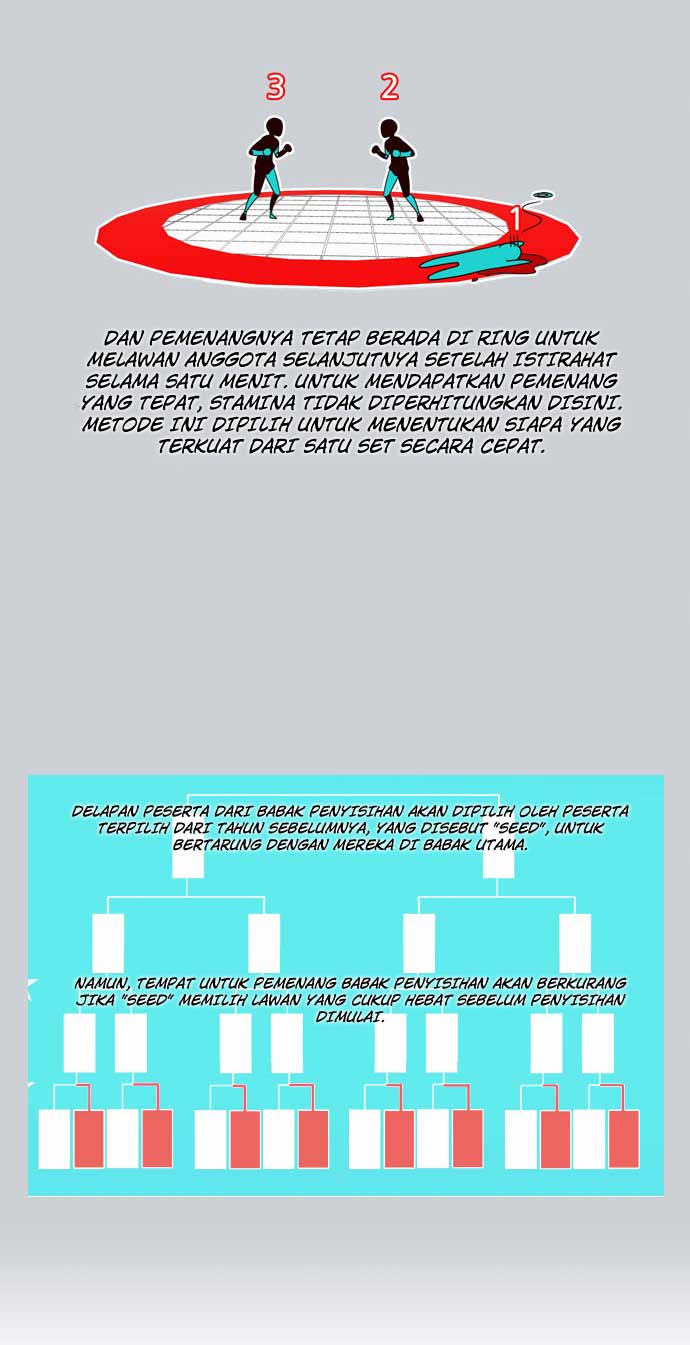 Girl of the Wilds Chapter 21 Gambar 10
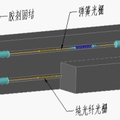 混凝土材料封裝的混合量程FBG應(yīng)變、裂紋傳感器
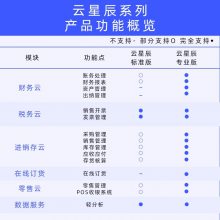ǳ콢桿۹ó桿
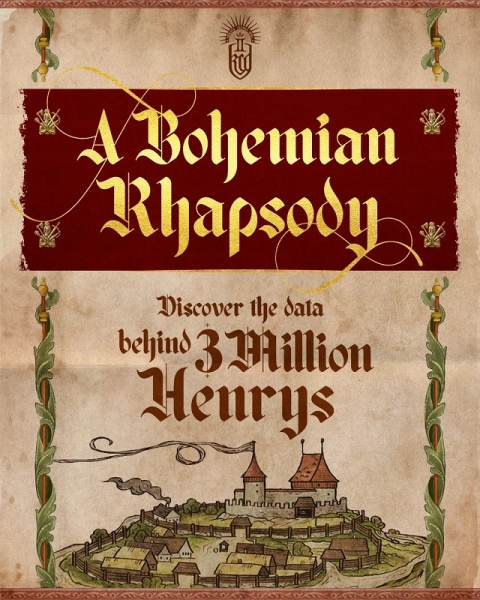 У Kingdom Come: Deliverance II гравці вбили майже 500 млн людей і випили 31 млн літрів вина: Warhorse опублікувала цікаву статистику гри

= = =

=== Goal of the exercise ===
Write out the whole listing above exactly; do not include the pictures.

=== Exercise solution ===
 Girl of the Wilds Chapter 21 Gambar 10
 混凝土材料封裝的混合量程FBG應(yīng)變、裂紋傳感器
ǳ콢桿۹ó桿
 У Kingdom Come: Deliverance II гравці вбили майже 500 млн людей і випили 31 млн літрів вина: Warhorse опублікувала цікаву статистику гри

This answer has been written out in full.